═════ Records provided

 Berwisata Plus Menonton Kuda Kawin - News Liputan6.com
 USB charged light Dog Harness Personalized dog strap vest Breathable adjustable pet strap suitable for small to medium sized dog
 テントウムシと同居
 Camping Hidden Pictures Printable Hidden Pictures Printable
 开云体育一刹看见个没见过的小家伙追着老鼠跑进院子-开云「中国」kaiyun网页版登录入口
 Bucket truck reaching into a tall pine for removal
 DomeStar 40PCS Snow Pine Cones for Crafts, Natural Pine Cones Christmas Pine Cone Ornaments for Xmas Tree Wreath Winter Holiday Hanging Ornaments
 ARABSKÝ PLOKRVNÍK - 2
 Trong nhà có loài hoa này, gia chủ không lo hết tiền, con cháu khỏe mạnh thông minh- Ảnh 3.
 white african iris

══════════

# What you should do
Would you return all of the data exactly as it stands above?

# Problem solution
 Berwisata Plus Menonton Kuda Kawin - News Liputan6.com
 USB charged light Dog Harness Personalized dog strap vest Breathable adjustable pet strap suitable for small to medium sized dog
 テントウムシと同居
 Camping Hidden Pictures Printable Hidden Pictures Printable
 开云体育一刹看见个没见过的小家伙追着老鼠跑进院子-开云「中国」kaiyun网页版登录入口
 Bucket truck reaching into a tall pine for removal
 DomeStar 40PCS Snow Pine Cones for Crafts, Natural Pine Cones Christmas Pine Cone Ornaments for Xmas Tree Wreath Winter Holiday Hanging Ornaments
 ARABSKÝ PLOKRVNÍK - 2
 Trong nhà có loài hoa này, gia chủ không lo hết tiền, con cháu khỏe mạnh thông minh- Ảnh 3.
 white african iris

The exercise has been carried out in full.